MATERIAL FOR THIS EXERCISE.
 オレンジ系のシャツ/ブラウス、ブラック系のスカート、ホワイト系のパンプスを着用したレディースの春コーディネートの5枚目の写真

--

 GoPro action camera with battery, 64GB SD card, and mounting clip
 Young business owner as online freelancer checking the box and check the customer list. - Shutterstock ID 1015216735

EXERCISE GOAL. What you give back must be the stretch above, starting at the line with "GoPro action camera" and ending at the line with "Young business owner", copied exactly.

ANSWER TO THE EXERCISE.
 GoPro action camera with battery, 64GB SD card, and mounting clip
 Young business owner as online freelancer checking the box and check the customer list. - Shutterstock ID 1015216735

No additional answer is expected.